Find "In our next" below and begin at its line; stop after the line with "Last time we". Output those lines exactly, without pictures.

(Collected data)
- Opening Delimiter -

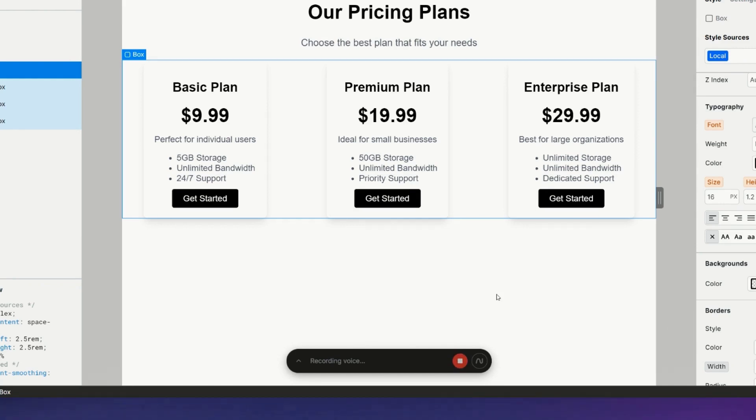Inside of each card, align everything to the start and align the text to the left. Also make the buttons within each of the cards full width.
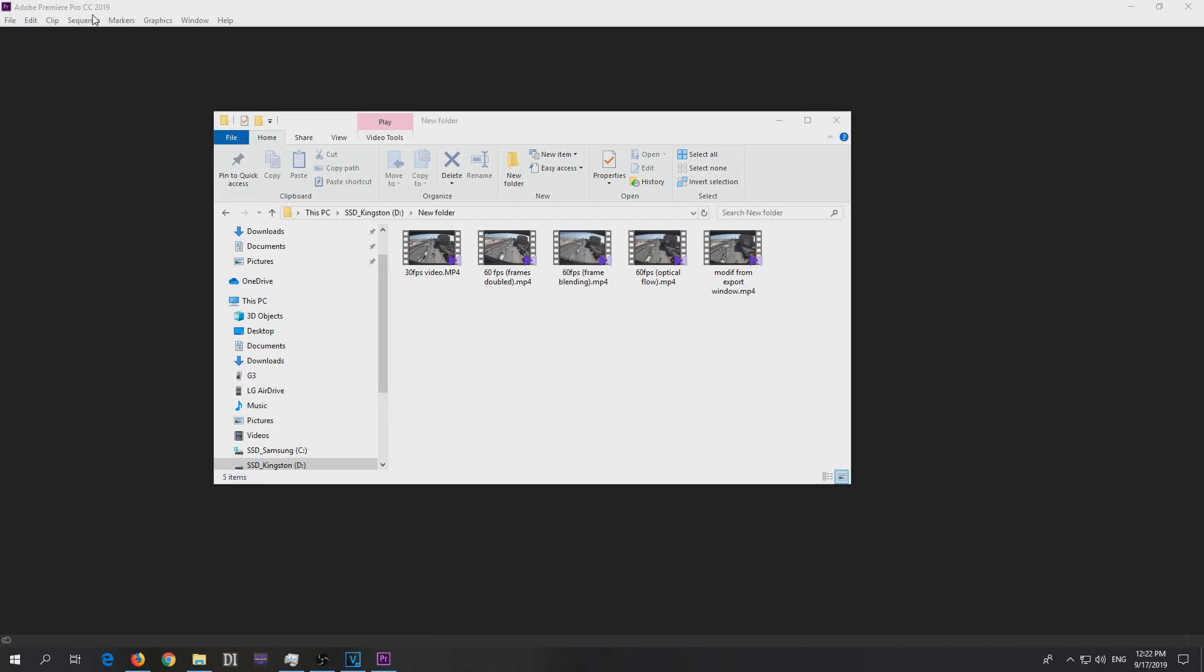Here's a tutorial in Premiere Pro 2019 on how to convert your 30 frames per second videos into 60 frames per second.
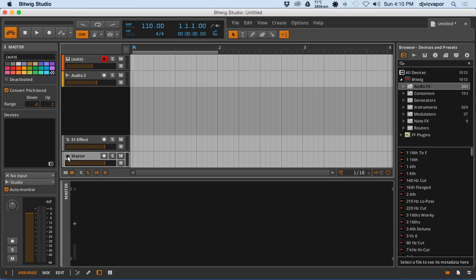And you have your master track. Bitwig conveniently gave the master a little crown — made him king, I guess, appropriately. Pretty nice little touch there.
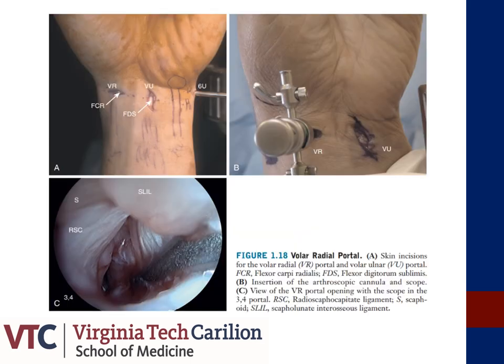The images here represent placement of the VR or FCR portal and the VU portal. The VR portal is developed through the FCR subsheath, and the bottom left picture represents a view from the 3-4 portal confirming the VR portal is developed in the interval between the RSC and the long radiolunate ligaments. The image in B demonstrates the extended incision necessary when developing the VU portal, as there is no safe zone due to numerous cutaneous nerve branches.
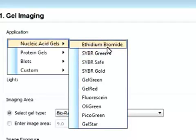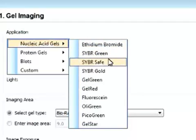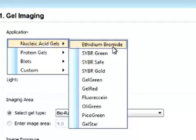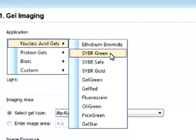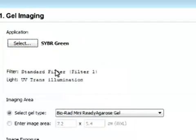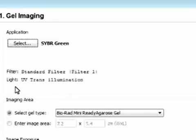We can select the dye we basically stained our gel with. So from ethidium bromide, SYBR Green, or SYBR Safe. Say we want to look at SYBR Green. And now you can see that the filter is selected at filter one, and the light source is selected at UV transillumination. And this is all automatic.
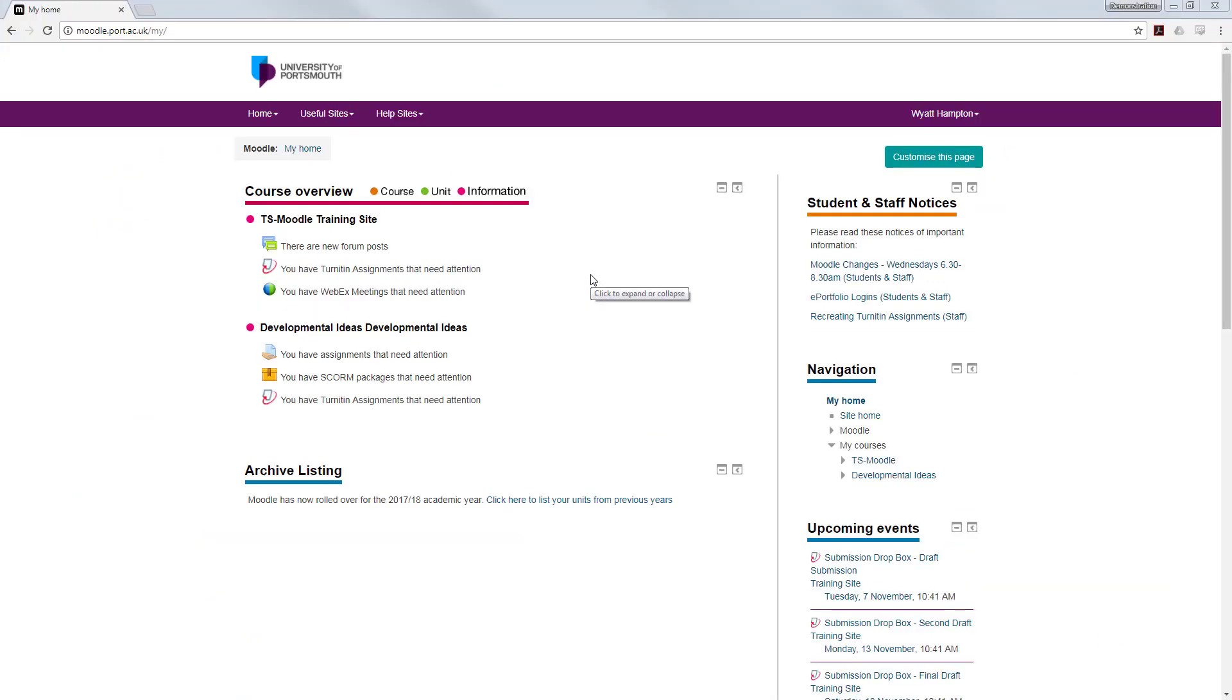Hello and welcome to this video looking at the Turnitin originality report. Turnitin is a specialized search engine and data matching tool that is used by many schools and universities to detect plagiarism or copying by matching blocks of text to previously published materials.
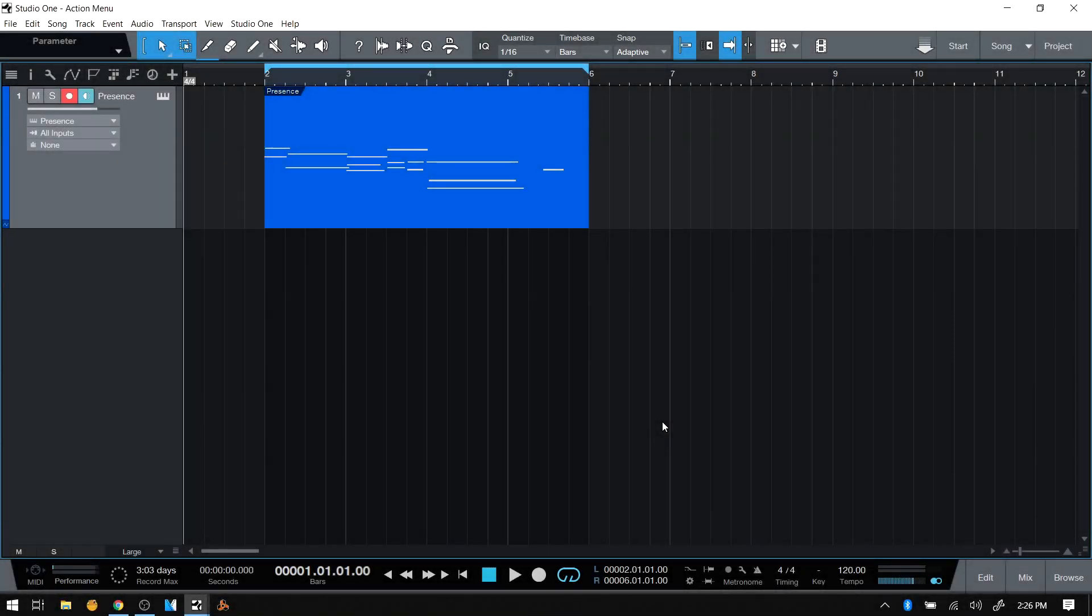This is going to be a super short video. I wanted to show you how to colorize MIDI notes within the music editor in Studio One.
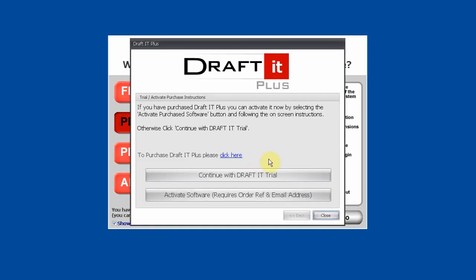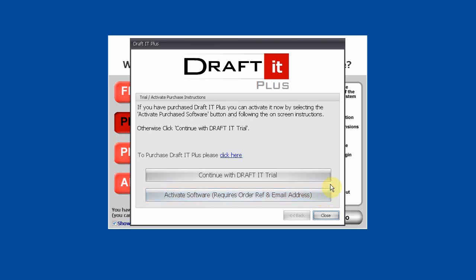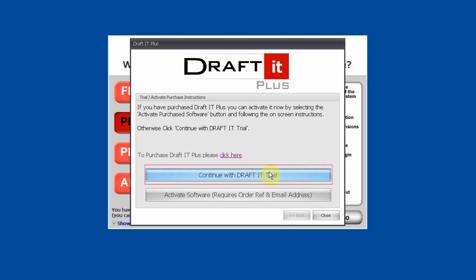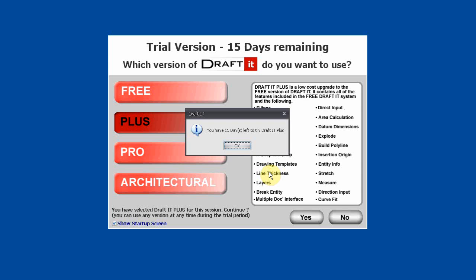Select Yes. Here we have a number of options. You can only use the Activate Software button when you have purchased the version selected. You don't have to wait until the end of the trial to purchase — you can use the link here to go to cadlogic.com anytime to buy online. To continue with the trial, simply click on the button shown. Click OK on the message box to load DraftIt.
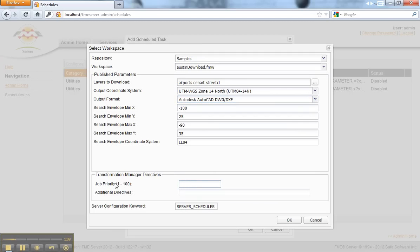Down here you also have the option to set job priority. By default this job will be submitted with a priority of 100, which is the lowest priority. One is the highest priority and will be processed above any other job. So maybe we'll go for 10.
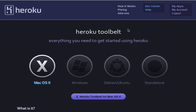In our next videos we will see what commands are available once you have installed Heroku Toolbelt. I will go through my application and show you what you can do with it. It provides a vast number of commands, but we will focus on only a few of them to get you started.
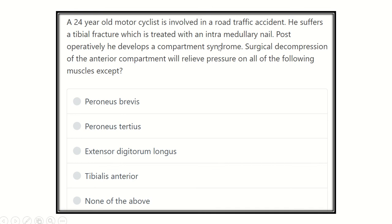Hello everyone, how are you today? Welcome to the channel Crack MRCS, which is dedicated for MRCS examination.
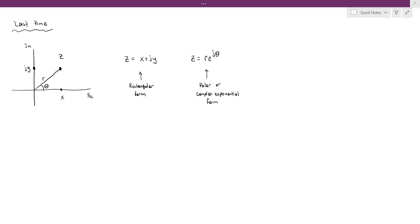Last time we saw how complex numbers can be interpreted as points in a plane, and that gave us two ways of representing a complex number. Using the x-y coordinates at the point, you can express the complex number in rectangular form. And using the polar coordinates of the point, you can express the complex number using the polar or complex exponential form.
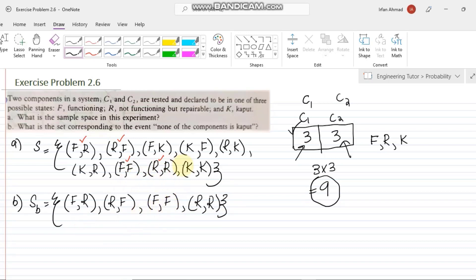From this you can also easily find the probability of events with no K terms, which we will discuss in upcoming lectures. We're sticking with problem 2.6 for today. I'll come back with more questions that will be very useful for grasping the technicalities of these types of problems. Till then, take care and thank you so much.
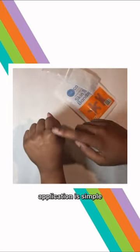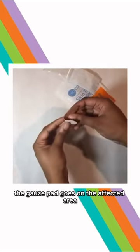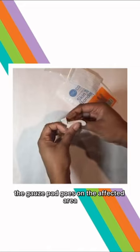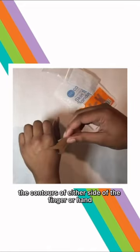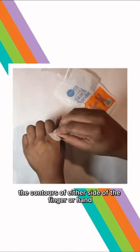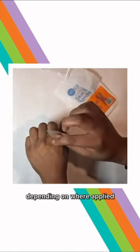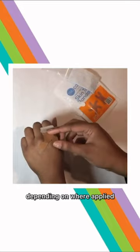Application is simple. The gauze pad goes on the affected area. The wings make it stretch the contour of either side of the finger or hand, depending on where applied.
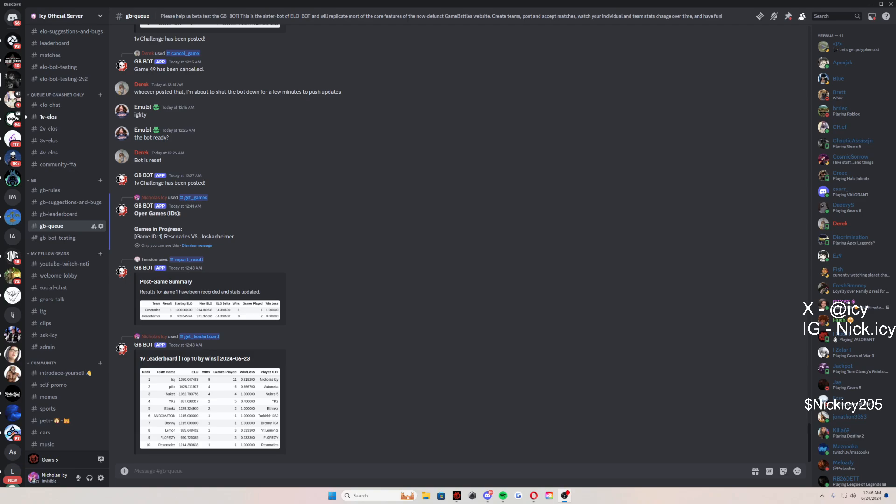What is going on guys, it is your boy Icy and I'm going to show you today how you can play Game Battles in 2024. I want to give you guys a quick disclaimer, this is only for Gears 5. However, it is just like the good old days, execution only, best of three matches. If you guys did not know, this is where almost every single pro player came from.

- Closing Delimiter -

◆ ANSWER SECTION ◆
In our next videos we will see what commands are available once you have installed Heroku Toolbelt. I will go through my application and show you what you can do with it. It provides a vast number of commands, but we will focus on only a few of them to get you started.
Hello everyone, how are you today? Welcome to the channel Crack MRCS, which is dedicated for MRCS examination.
Last time we saw how complex numbers can be interpreted as points in a plane, and that gave us two ways of representing a complex number. Using the x-y coordinates at the point, you can express the complex number in rectangular form. And using the polar coordinates of the point, you can express the complex number using the polar or complex exponential form.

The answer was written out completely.